さらにハッセルブラッド国際写真賞をもアジア人として初受賞した日本の代表的な写真家。
昭和13年~27年の長きにわたり、高田市を頻回に訪ね、あるいは居住し当地に深く関わった。

本催事は記念碑的な写真集「雪国」の写真展で、濱谷浩写真資料館からの特別出品になる。
作品は上越市桑取谷は西横山地区の伝統行事を中心に、越後の風土と心身のヒダを如実に写して感銘を受ける。

タペストリー看板エントランスホールに架かる案内タペストリー。
手前の少年の手は、しもやけによってひどく腫れてただれていている。
身体は痛々しいが表情は澄んでいる。
子供達の祭事は喜びを伴う自然な修行にも見える。

頸城の山河の奥深く包まれるように残っていた文化は縄文と弥生の両義性がみてとれる。
そこで正月を中心に行われるこまやかな行事は、長い時間の浄化作用を受けて神と結びつきかつ洗練されている。
白く深い雪の背景がそれらをいっそう強く印象づける。
芸術であり学問、、、これぞ写真、、、濱谷氏の洞察力に添ったゆるぎない構図、明暗への対応は驚くばかりだった。

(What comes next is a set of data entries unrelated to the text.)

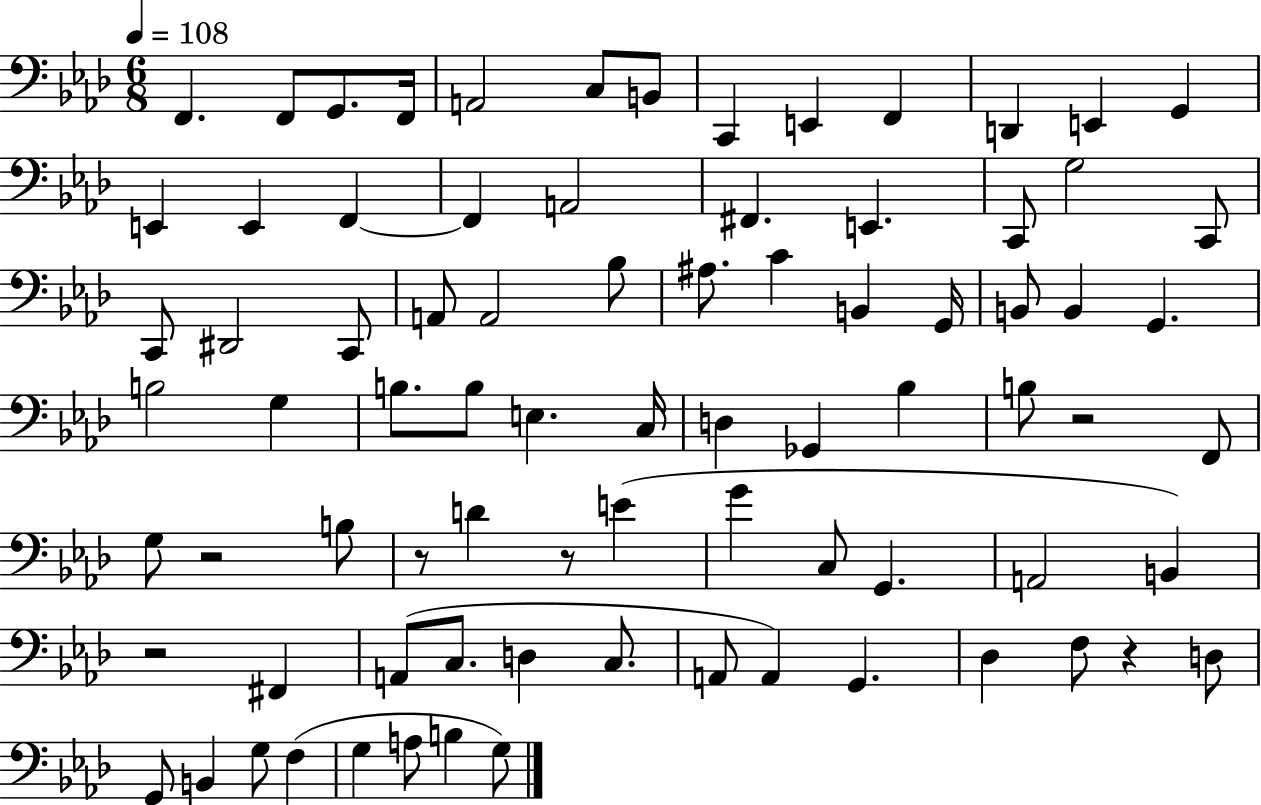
{
  \clef bass
  \numericTimeSignature
  \time 6/8
  \key aes \major
  \tempo 4 = 108
  f,4. f,8 g,8. f,16 | a,2 c8 b,8 | c,4 e,4 f,4 | d,4 e,4 g,4 | \break e,4 e,4 f,4~~ | f,4 a,2 | fis,4. e,4. | c,8 g2 c,8 | \break c,8 dis,2 c,8 | a,8 a,2 bes8 | ais8. c'4 b,4 g,16 | b,8 b,4 g,4. | \break b2 g4 | b8. b8 e4. c16 | d4 ges,4 bes4 | b8 r2 f,8 | \break g8 r2 b8 | r8 d'4 r8 e'4( | g'4 c8 g,4. | a,2 b,4) | \break r2 fis,4 | a,8( c8. d4 c8. | a,8 a,4) g,4. | des4 f8 r4 d8 | \break g,8 b,4 g8 f4( | g4 a8 b4 g8) | \bar "|."
}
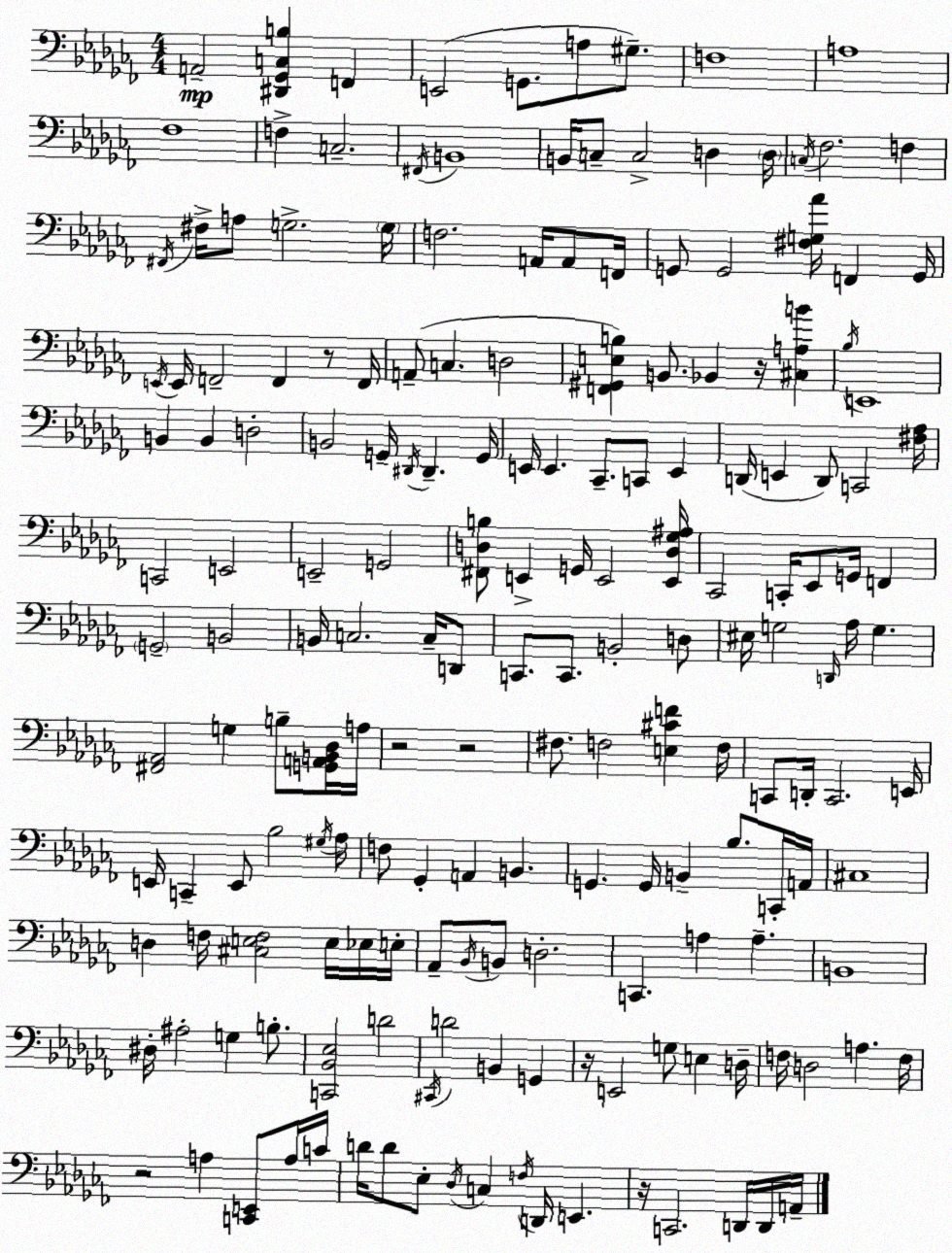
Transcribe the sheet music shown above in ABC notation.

X:1
T:Untitled
M:4/4
L:1/4
K:Abm
A,,2 [^D,,_G,,C,B,] F,, E,,2 G,,/2 A,/2 ^G,/2 F,4 A,4 _F,4 F, C,2 ^F,,/4 B,,4 B,,/4 C,/2 C,2 D, D,/4 C,/4 _F,2 F, ^F,,/4 ^F,/4 A,/2 G,2 G,/4 F,2 A,,/4 A,,/2 F,,/4 G,,/2 G,,2 [^F,G,_A]/4 F,, G,,/4 E,,/4 E,,/4 F,,2 F,, z/2 F,,/4 A,,/2 C, D,2 [F,,^G,,E,B,] B,,/2 _B,, z/4 [^C,A,B] _B,/4 E,,4 B,, B,, D,2 B,,2 G,,/4 ^D,,/4 ^D,, G,,/4 E,,/4 E,, _C,,/2 C,,/2 E,, D,,/4 E,, D,,/2 C,,2 [^F,_A,]/4 C,,2 E,,2 E,,2 G,,2 [^F,,D,B,]/2 E,, G,,/4 E,,2 [E,,D,_G,^A,]/4 _C,,2 C,,/4 _E,,/2 G,,/4 F,, G,,2 B,,2 B,,/4 C,2 C,/4 D,,/2 C,,/2 C,,/2 B,,2 D,/2 ^E,/4 G,2 D,,/4 _A,/4 G, [^F,,_A,,]2 G, B,/2 [G,,A,,B,,_D,]/4 A,/4 z2 z2 ^F,/2 F,2 [E,^CF] F,/4 C,,/2 D,,/4 C,,2 E,,/4 E,,/4 C,, E,,/2 _B,2 ^G,/4 _A,/4 F,/2 _G,, A,, B,, G,, G,,/4 B,, _B,/2 C,,/4 A,,/4 ^C,4 D, F,/4 [^C,E,F,]2 E,/4 _E,/4 E,/4 _A,,/2 _B,,/4 B,,/2 D,2 C,, A, A, B,,4 ^D,/4 ^A,2 G, B,/2 [C,,_B,,_E,]2 D2 ^C,,/4 D2 B,, G,, z/4 E,,2 G,/2 E, D,/4 F,/4 D,2 A, F,/4 z2 A, [C,,E,,]/2 A,/4 C/4 D/4 D/2 _E,/2 _D,/4 C, F,/4 D,,/4 E,, z/4 C,,2 D,,/4 D,,/4 A,,/4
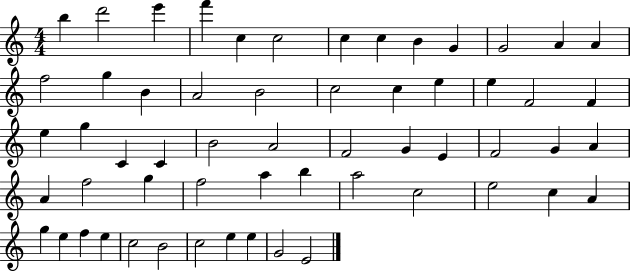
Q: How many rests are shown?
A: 0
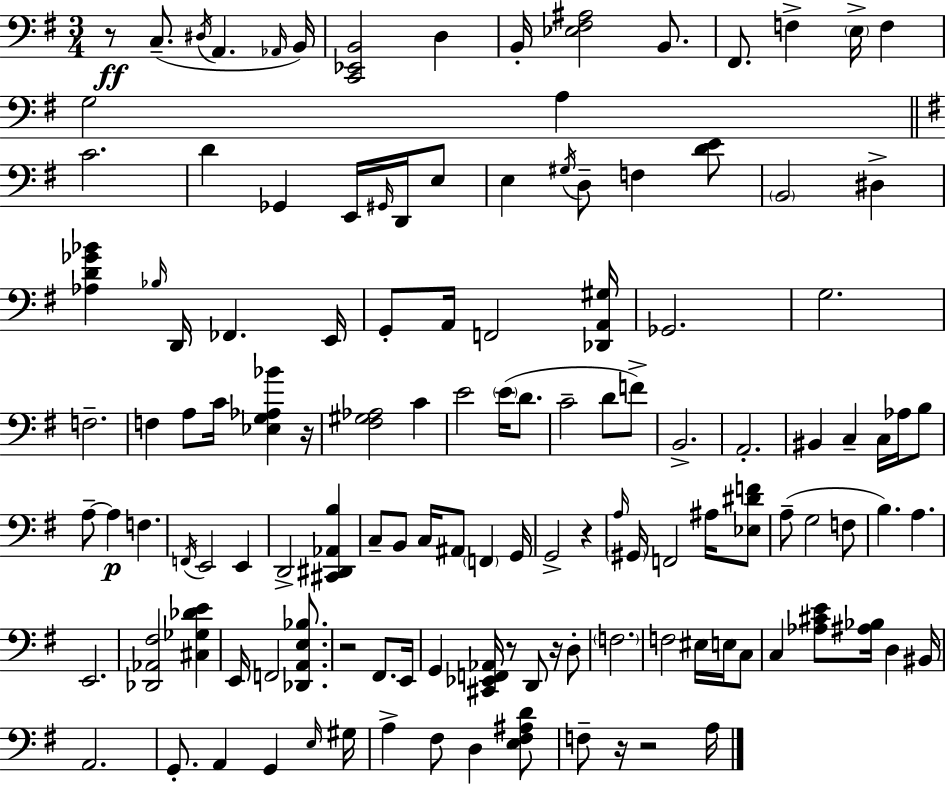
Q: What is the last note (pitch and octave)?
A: A3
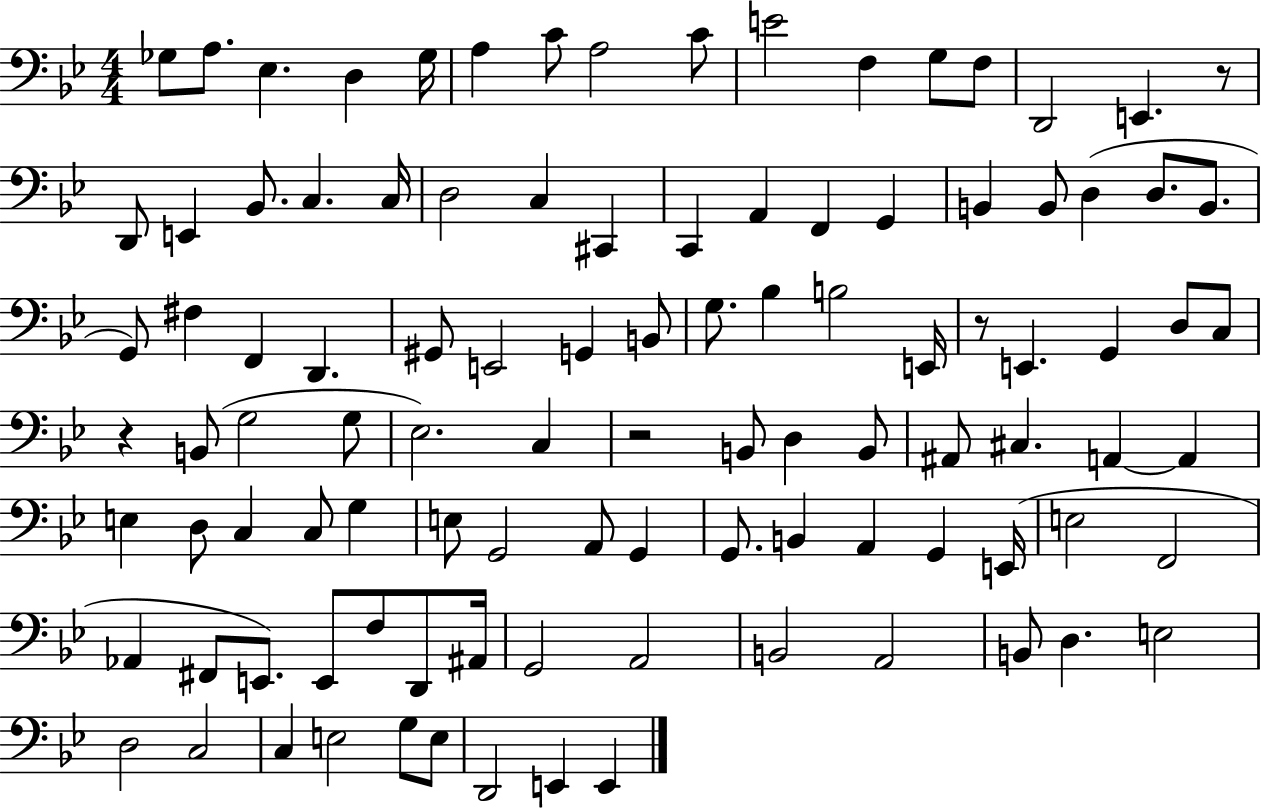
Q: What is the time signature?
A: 4/4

見終えて本町の「大杉屋」さんへ寄ってお菓子を買った。
大杉屋さんのご主人宮越氏は20才代から濱谷浩さんと親交された。
店内奥にはとても大きく貴重な濱谷作品「歌ってゆく鳥追い」の現物が飾ってある。
本日の拝見は余計有り難く感じた。

 

001 当館収蔵の「雪国」から「歌ってゆく鳥追い」のページ。
どうやって撮ったのだろう、本当に素晴らしい。

 

大杉屋さんの色紙お菓子屋さんに相応しい店内の「香」「味」二枚の色紙は、陶齋の椿図に濱谷氏の文字。

 

大杉屋さんの書ウィンドウにあった「父不傳 子不記」も濱谷氏の書。
父伝えず 子記さず と読めばいいのだろうか。
ただ己の道を歩むだけ、の意味なのか。
大変良い和紙で文字も独特で味わい深い。

 

博物館のお帰りにはぜひとも「大杉屋」さんにお寄りになってみてください。
当店は生誕100年展の第二の会場ともいえそうだ。

樹下美術館の展示作家・齋藤三郎(陶齋)は濱谷浩と親交があり、氏および夫人のいくばくかの本を収蔵しています。
樹下美術館蔵の濱谷浩 書籍
「日本の詩歌」 中央公論社 昭和47年1月15日発行
・「女人暦日」 濱谷朝追悼写真帖 1000部私家本
・「昭和男性諸君」 1989年12月11日
・「怒りと悲しみの記録」  河出書房新社 昭和35年8月7日
・「雪国」 毎日新聞社 昭和31年3月30日発行
・「學藝諸家」 岩波書店 1993年11月24日発行

以下は樹下美術館のカフェにあります。
・「潜像残像 写真家の体験的回想」 河出書房新社 昭和46年7月30日発行
・「女人日日 おんなのひび」 文化出版局 昭和60年11月11日 発行
・「福縁随處の人びと」  創樹社 1998年4月11日発行
・「昭和女人集」 毎日新聞社 昭和60年4月30日発行

※生誕100年の機会に「雪国」と「怒りと悲しみの記録」の2冊をしばらくカフェに置くことに致しました。
書棚が一杯ですので閲覧ご希望の方はどうかスタッフにお申しください。